*EXERCISE DIRECTIONS*
Begin at the line that holds "This Is My Human" and copy each line exactly until the data below ends, including that last line but no pictures.

*INPUT FOR THIS TASK*
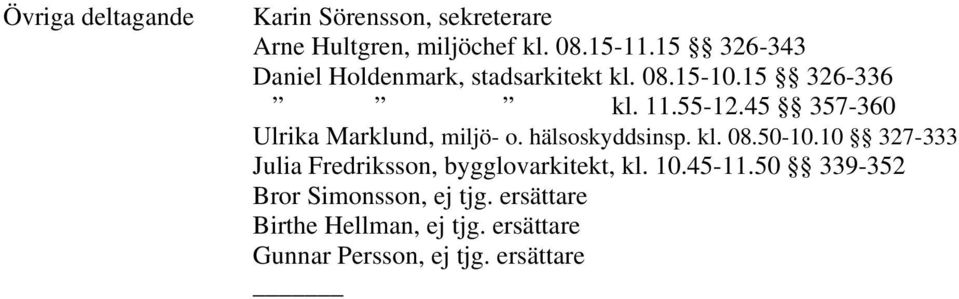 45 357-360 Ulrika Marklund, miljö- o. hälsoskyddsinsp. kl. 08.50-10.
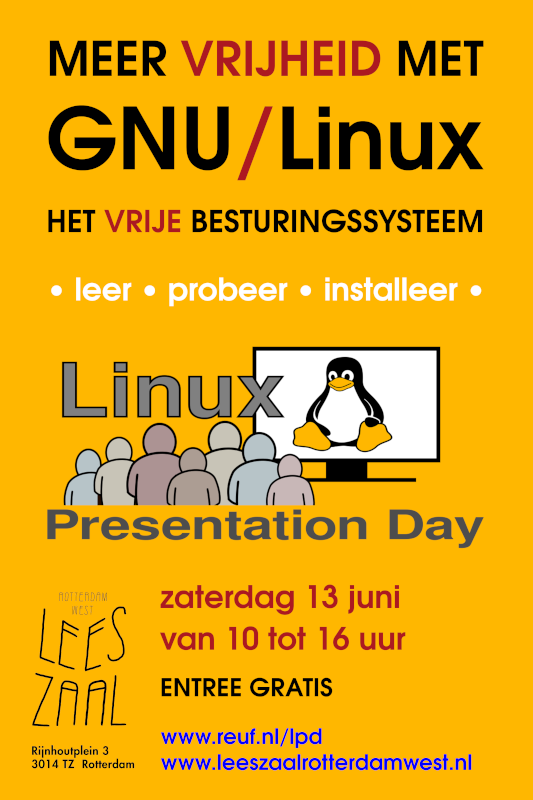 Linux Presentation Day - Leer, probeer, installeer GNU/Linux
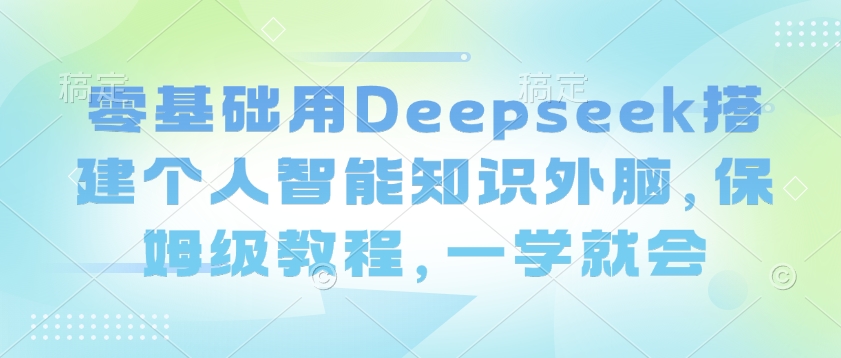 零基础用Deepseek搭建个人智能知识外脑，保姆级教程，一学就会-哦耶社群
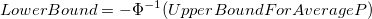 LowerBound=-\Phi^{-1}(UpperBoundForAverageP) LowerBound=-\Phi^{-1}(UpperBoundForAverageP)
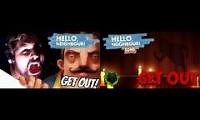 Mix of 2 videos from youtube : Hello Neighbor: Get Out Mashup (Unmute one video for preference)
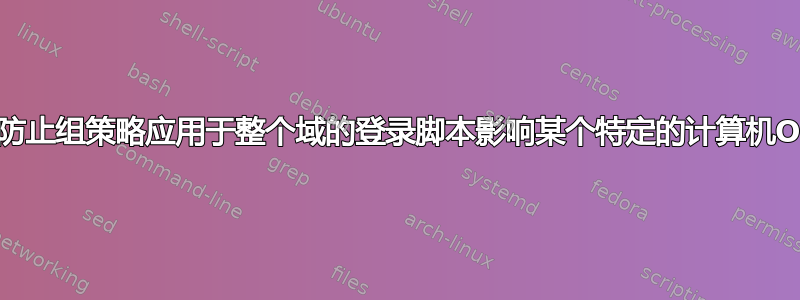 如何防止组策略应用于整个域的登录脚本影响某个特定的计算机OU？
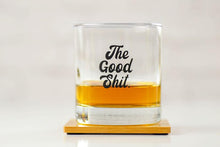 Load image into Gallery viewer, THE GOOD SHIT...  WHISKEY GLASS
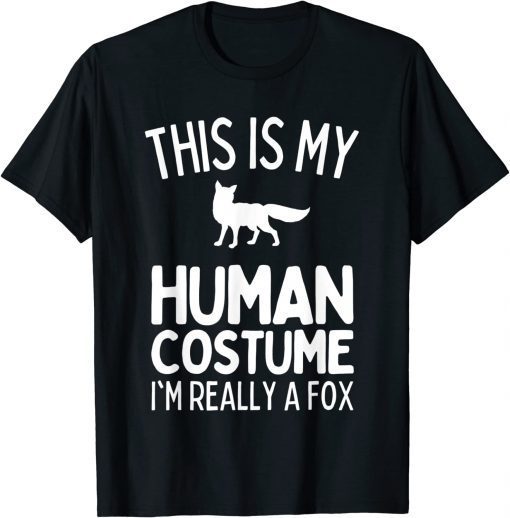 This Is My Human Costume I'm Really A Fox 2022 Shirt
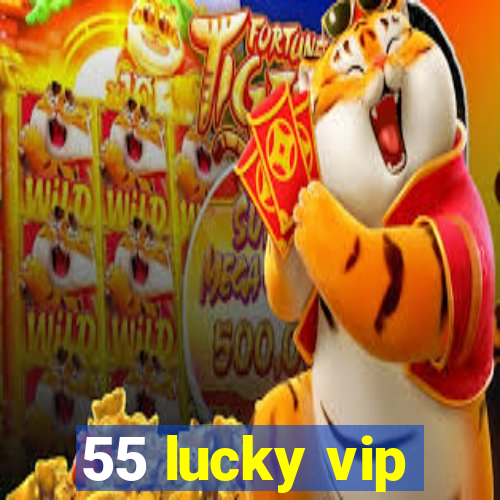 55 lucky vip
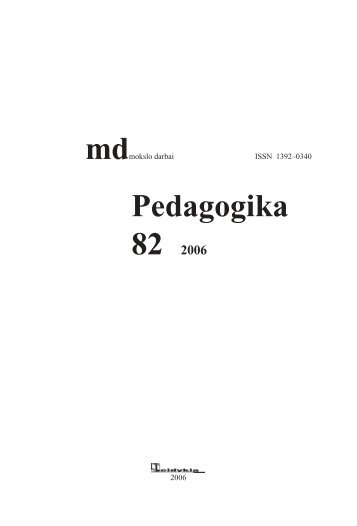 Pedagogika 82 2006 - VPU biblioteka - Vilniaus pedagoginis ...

*TASK SOLUTION*
 This Is My Human Costume I'm Really A Fox 2022 Shirt
 55 lucky vip
 Pedagogika 82 2006 - VPU biblioteka - Vilniaus pedagoginis ...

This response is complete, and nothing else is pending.